TASK TO COMPLETE:
Each line in the data holding "dining" should be listed.

Short text fragments from websites

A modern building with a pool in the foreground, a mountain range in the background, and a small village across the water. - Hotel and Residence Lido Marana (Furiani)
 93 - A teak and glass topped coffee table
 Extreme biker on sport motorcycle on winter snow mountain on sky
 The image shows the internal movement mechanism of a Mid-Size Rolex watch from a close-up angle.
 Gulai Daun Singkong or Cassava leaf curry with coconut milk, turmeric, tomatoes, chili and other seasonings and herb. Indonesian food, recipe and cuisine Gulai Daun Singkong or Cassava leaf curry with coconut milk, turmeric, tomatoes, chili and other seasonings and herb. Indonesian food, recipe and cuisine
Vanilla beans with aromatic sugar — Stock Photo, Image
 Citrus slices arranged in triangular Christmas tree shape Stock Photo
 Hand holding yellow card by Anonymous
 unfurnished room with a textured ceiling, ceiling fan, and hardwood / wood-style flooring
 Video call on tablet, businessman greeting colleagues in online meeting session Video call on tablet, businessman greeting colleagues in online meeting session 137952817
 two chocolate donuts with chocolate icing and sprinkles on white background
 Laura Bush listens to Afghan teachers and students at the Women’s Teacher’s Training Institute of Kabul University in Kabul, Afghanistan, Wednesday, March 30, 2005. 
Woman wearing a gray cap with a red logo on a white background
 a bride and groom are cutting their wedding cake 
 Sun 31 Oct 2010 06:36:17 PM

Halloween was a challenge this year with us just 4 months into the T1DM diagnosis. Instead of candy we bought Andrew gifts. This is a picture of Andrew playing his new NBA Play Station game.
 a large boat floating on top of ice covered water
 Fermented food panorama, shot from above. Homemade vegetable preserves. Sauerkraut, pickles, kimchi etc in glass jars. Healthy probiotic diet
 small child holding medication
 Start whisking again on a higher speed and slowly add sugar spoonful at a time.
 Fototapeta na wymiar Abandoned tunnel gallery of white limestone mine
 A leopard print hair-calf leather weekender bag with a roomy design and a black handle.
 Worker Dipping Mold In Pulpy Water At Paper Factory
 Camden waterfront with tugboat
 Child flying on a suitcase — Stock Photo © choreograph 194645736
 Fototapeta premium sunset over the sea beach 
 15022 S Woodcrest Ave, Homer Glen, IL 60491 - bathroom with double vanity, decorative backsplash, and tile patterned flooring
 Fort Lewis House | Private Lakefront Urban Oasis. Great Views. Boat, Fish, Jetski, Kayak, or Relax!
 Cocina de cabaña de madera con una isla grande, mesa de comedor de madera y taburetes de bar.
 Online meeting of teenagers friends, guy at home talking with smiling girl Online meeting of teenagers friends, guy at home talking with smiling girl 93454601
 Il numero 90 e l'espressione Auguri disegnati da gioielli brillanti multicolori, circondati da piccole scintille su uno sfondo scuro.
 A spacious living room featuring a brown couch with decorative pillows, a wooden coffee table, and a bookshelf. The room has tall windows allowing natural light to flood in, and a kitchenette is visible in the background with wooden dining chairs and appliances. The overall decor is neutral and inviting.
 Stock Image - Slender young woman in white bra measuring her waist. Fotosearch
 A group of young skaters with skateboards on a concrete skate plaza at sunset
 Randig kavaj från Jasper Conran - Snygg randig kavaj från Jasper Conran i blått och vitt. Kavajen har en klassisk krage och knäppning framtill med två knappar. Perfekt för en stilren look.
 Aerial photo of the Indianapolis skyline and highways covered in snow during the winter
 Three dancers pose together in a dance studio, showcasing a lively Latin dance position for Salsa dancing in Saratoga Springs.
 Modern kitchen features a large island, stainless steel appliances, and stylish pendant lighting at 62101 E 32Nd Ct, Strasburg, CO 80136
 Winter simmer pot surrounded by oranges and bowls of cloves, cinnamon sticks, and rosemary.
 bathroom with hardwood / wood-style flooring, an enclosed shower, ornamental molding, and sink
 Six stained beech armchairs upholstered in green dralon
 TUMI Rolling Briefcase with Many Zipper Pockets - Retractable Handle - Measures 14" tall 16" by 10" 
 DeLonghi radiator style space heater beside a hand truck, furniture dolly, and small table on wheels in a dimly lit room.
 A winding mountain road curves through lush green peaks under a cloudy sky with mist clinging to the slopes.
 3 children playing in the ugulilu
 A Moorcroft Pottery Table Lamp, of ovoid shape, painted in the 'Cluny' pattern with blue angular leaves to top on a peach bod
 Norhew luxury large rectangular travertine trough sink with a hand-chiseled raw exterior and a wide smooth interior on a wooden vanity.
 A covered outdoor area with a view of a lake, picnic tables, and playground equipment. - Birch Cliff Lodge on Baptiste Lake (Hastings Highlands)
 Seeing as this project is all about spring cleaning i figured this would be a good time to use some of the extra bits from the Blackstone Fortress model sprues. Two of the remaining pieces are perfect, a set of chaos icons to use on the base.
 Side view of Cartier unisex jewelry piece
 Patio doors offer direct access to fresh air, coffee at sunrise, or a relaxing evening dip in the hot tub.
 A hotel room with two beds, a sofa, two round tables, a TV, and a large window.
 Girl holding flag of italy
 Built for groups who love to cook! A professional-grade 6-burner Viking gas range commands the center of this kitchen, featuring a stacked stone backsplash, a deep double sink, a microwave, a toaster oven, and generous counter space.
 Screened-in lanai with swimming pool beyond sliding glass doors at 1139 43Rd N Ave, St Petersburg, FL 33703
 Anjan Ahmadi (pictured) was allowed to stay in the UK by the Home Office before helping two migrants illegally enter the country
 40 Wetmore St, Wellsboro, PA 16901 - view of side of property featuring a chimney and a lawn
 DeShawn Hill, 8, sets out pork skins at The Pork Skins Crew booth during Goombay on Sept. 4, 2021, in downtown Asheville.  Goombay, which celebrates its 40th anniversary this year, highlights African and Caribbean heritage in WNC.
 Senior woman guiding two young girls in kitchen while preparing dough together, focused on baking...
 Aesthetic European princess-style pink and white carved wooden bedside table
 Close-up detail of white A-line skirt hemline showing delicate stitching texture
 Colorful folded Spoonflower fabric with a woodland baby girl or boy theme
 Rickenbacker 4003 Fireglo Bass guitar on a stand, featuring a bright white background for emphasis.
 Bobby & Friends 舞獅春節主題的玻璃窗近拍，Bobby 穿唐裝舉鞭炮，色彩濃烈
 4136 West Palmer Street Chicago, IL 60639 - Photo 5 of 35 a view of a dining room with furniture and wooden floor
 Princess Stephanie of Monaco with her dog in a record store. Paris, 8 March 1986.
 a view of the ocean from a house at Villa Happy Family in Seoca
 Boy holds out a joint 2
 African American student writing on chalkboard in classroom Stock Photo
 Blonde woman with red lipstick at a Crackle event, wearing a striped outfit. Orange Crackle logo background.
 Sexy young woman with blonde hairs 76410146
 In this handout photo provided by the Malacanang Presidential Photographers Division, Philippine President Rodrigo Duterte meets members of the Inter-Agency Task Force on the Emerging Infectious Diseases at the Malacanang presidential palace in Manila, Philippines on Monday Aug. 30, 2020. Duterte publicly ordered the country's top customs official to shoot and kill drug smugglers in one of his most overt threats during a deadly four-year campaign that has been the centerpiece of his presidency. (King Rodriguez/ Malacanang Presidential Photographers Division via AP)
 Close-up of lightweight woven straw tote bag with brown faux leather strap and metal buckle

RESPONSE AREA:
 A spacious living room featuring a brown couch with decorative pillows, a wooden coffee table, and a bookshelf. The room has tall windows allowing natural light to flood in, and a kitchenette is visible in the background with wooden dining chairs and appliances. The overall decor is neutral and inviting.
 4136 West Palmer Street Chicago, IL 60639 - Photo 5 of 35 a view of a dining room with furniture and wooden floor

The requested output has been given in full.